Information supplied section start

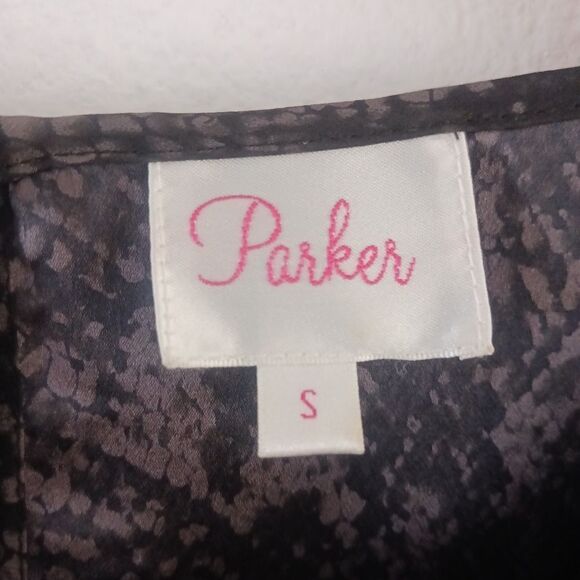 Parker short sleeve snake print black blouson over the knee silk dress size S - Picture 4 of 9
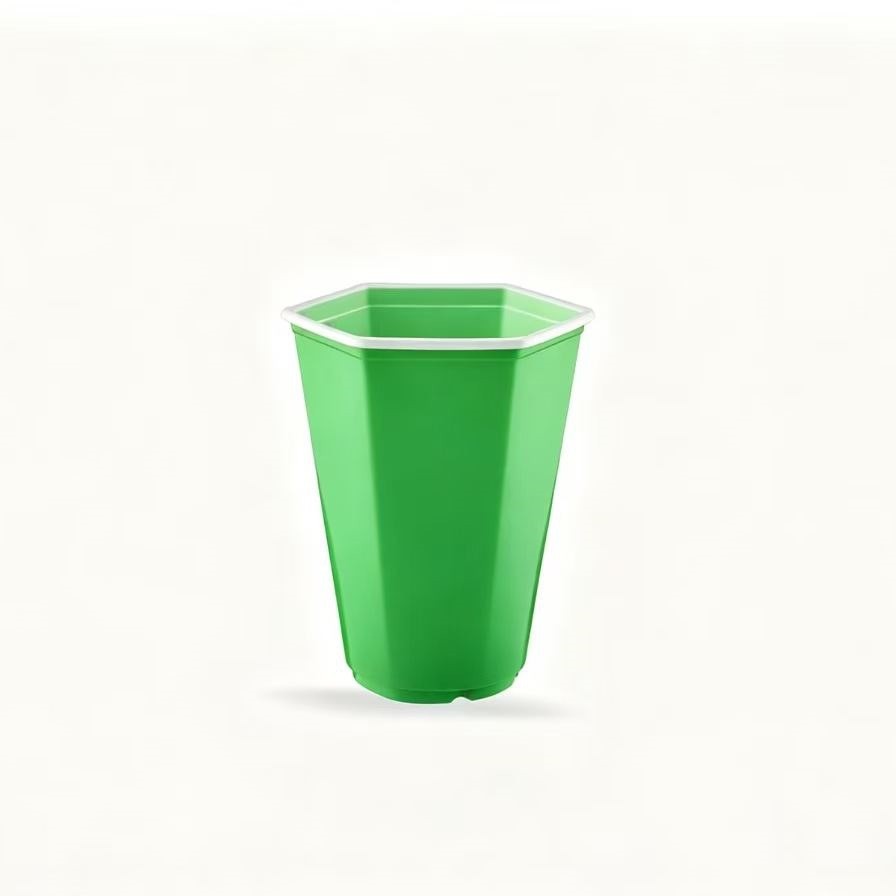 500ml Hexagonal Cups Direct from the Manufacturer, Green, Red, and Blue Are All in Stock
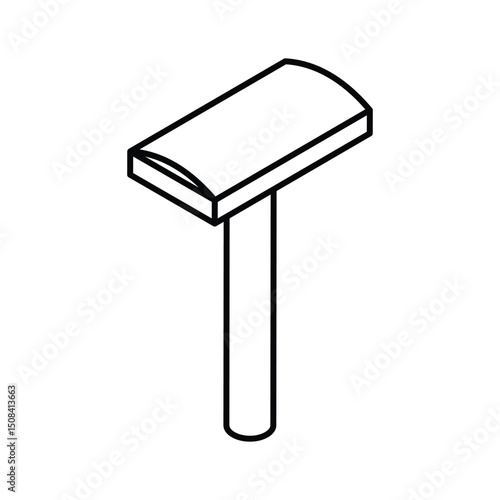 A premium isometric icon of a single blade razor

Information supplied section end

What you should do: An exact reproduction of the data is needed, with no pictures included.

The completed task:
 Parker short sleeve snake print black blouson over the knee silk dress size S - Picture 4 of 9
 500ml Hexagonal Cups Direct from the Manufacturer, Green, Red, and Blue Are All in Stock
 A premium isometric icon of a single blade razor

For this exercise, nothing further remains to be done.